Problem to work on: Your job is to report every line of the entries that has "Light".

________________

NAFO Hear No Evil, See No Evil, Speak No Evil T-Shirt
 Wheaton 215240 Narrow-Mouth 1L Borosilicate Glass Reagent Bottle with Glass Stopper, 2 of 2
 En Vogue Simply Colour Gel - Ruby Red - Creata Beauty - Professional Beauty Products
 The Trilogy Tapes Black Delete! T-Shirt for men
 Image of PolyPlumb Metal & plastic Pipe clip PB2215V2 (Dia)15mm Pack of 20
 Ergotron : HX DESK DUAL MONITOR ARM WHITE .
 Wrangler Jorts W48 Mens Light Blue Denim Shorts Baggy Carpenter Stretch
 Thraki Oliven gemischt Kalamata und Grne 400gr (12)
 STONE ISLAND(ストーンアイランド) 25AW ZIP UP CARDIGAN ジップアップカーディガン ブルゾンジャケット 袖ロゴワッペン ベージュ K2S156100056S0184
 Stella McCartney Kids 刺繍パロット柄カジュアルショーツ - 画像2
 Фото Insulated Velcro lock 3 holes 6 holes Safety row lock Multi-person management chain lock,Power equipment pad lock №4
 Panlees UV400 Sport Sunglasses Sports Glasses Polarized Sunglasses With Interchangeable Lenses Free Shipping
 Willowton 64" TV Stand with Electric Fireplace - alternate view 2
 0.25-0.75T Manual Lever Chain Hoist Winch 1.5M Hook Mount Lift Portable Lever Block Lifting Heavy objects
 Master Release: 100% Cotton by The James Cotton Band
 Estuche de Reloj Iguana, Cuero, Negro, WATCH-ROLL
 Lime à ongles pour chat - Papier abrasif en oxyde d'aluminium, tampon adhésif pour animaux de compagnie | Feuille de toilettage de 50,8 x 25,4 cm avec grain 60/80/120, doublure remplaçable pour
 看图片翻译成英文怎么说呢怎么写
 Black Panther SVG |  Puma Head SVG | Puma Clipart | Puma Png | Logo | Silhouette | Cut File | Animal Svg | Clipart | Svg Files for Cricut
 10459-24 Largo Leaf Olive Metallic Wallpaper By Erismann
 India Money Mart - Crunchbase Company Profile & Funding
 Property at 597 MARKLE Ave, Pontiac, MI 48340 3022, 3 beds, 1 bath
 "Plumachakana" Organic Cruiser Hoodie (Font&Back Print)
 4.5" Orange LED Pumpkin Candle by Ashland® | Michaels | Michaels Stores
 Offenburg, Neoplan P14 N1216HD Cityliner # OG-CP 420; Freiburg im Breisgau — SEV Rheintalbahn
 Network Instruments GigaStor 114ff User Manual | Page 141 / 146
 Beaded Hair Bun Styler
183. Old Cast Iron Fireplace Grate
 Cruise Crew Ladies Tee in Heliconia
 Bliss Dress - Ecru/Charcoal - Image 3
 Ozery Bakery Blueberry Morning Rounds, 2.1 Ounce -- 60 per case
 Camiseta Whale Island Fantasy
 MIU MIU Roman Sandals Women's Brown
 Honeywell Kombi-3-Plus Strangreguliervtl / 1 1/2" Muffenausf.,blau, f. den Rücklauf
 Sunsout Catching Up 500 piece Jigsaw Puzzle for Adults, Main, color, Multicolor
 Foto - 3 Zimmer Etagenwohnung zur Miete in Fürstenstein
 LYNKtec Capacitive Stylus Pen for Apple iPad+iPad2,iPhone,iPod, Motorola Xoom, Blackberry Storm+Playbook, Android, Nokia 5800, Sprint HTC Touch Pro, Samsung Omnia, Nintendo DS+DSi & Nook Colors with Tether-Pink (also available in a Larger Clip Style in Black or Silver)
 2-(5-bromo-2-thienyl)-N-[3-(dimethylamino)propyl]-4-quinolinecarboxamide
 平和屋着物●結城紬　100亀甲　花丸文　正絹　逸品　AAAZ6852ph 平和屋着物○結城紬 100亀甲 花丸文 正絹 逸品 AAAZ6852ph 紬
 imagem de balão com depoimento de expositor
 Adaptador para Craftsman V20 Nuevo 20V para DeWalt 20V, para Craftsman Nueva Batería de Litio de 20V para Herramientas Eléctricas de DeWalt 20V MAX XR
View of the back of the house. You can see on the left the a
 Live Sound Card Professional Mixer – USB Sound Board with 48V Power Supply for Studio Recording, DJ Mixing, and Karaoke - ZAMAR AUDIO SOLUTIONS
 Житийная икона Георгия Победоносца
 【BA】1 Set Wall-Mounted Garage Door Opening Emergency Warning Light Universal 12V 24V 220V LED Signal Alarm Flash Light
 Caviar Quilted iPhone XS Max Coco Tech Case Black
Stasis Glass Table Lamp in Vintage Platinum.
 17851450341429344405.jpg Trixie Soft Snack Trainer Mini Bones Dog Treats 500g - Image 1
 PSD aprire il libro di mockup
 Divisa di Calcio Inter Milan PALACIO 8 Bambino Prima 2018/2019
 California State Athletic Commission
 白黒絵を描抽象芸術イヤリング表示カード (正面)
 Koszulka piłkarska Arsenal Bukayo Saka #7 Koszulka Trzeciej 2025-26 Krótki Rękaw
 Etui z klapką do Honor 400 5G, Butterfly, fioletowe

________________

Answer space:
 Wrangler Jorts W48 Mens Light Blue Denim Shorts Baggy Carpenter Stretch
 【BA】1 Set Wall-Mounted Garage Door Opening Emergency Warning Light Universal 12V 24V 220V LED Signal Alarm Flash Light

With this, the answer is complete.